Emma Simmonds, pupil of Jan Shenton at Loughborough University, tells Textilesnaturales of her weave, design and production experience during her internship year

OLYMPUS DIGITAL CAMERA Emma Simmonds 600 pix plus eng textEmma Simmonds, second-year textile student at Loughborough University, and pupil of Jan Shenton (author of the new book on weave design) tells us about her weave degree course and her work experience placements, including in north Spain with Anna Champeney Estudio Textil.

You´re actually studying weave as a university degree at Loughborough.  Can you tell us, in a nutshell, what the course consists of.  What do you think a degree gives you that unofficial learning doesn´t?

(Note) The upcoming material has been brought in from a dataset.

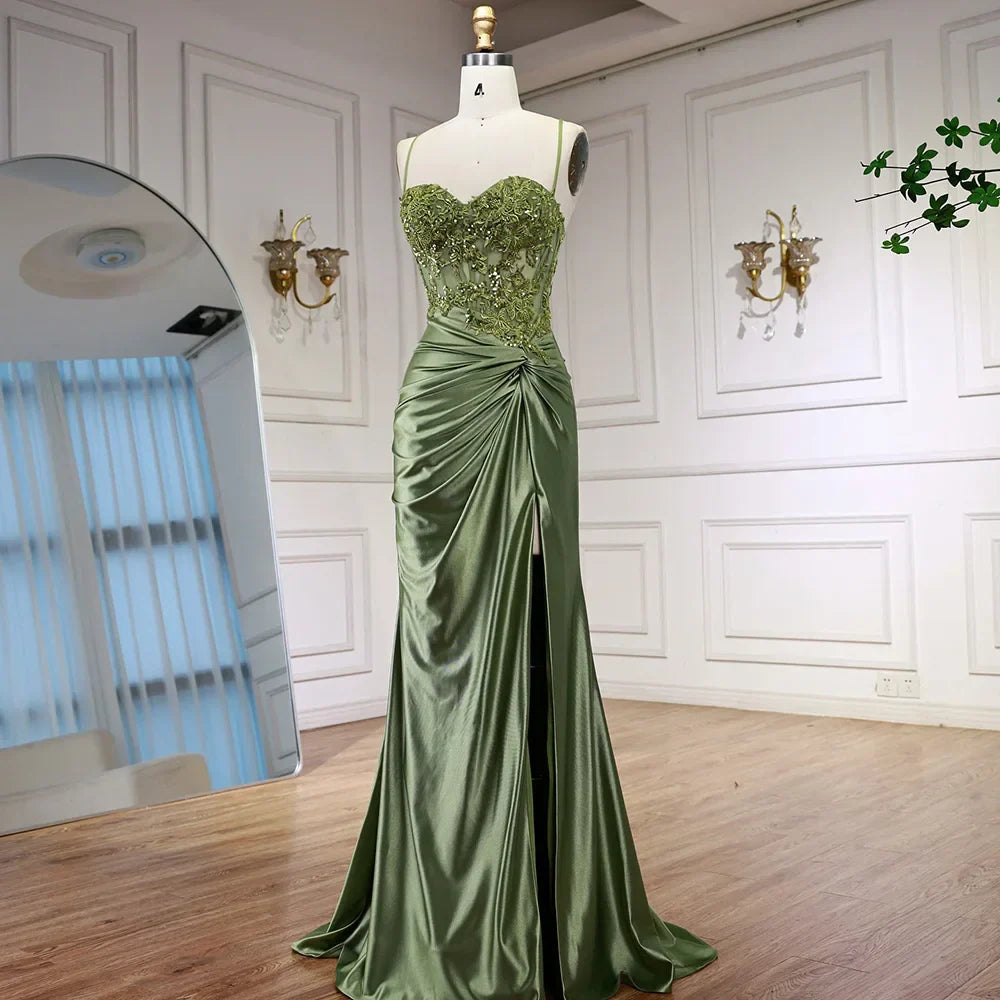 Abito da Ballo in Satin Verde Salvia di Lusso con Spacco LA73032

The course I am studying is Textiles: Innovation and Design and is run over three years. The first is an introduction into the three possible specialisms. It is also a chance to practice drawing, design and colour skills.

Our second year is spent learning and practicing our chosen specialism, which could be print, weave or multimedia.

I have taken the woven textile route, and in this year I learnt the entire process of weaving, from drafting, dying and setting up a loom through to weaving and finishing fabrics. We are given the chance to experiment with multiple warps of different threading structures and various yarn types.

After the second year we have the option of taking a year out on industrial placement before returning to university to complete the final year. In this last year we will get the chance to work more independently allowing us to mature our techniques and develop our individual styles.  I think one of the benefits of doing a degree course is that it gives you the chance to spend an intense 3 years improving and learning with no boundaries.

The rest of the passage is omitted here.